### EXERCISE BRIEF
In the entries below, find the line with "Hrady CZ dorazily" and print exactly every line from there up to and including the line with "TOYOTA RAV4 image 11", with no other lines.

(Scraped caption text data)
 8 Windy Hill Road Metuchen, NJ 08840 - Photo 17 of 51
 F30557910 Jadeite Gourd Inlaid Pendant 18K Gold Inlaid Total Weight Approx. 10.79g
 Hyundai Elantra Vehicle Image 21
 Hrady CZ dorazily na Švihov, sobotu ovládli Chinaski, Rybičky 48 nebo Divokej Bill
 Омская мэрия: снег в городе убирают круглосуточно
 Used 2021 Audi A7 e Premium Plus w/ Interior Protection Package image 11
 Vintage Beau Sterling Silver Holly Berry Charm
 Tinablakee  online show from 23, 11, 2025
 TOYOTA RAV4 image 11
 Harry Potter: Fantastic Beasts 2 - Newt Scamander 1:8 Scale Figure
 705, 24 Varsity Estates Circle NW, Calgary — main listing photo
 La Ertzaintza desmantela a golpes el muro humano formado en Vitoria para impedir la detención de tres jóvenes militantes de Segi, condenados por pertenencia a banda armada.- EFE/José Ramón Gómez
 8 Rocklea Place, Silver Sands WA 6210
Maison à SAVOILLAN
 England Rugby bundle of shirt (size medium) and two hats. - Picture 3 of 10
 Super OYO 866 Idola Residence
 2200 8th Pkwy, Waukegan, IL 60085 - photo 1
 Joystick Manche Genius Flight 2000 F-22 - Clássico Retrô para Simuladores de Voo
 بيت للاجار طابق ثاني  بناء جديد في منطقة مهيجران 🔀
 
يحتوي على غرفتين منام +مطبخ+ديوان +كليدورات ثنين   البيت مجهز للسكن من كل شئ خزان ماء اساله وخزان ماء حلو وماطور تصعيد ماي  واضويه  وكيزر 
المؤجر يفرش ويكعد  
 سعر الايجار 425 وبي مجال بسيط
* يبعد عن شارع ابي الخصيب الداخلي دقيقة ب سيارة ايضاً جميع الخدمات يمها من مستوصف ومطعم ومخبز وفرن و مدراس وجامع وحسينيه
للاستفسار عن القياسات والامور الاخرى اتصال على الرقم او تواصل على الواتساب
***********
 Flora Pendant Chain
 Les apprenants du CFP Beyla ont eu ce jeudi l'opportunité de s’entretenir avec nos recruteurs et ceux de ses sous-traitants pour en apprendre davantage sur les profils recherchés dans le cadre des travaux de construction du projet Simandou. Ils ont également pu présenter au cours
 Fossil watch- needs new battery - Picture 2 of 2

### REPLY
 Hrady CZ dorazily na Švihov, sobotu ovládli Chinaski, Rybičky 48 nebo Divokej Bill
 Омская мэрия: снег в городе убирают круглосуточно
 Used 2021 Audi A7 e Premium Plus w/ Interior Protection Package image 11
 Vintage Beau Sterling Silver Holly Berry Charm
 Tinablakee  online show from 23, 11, 2025
 TOYOTA RAV4 image 11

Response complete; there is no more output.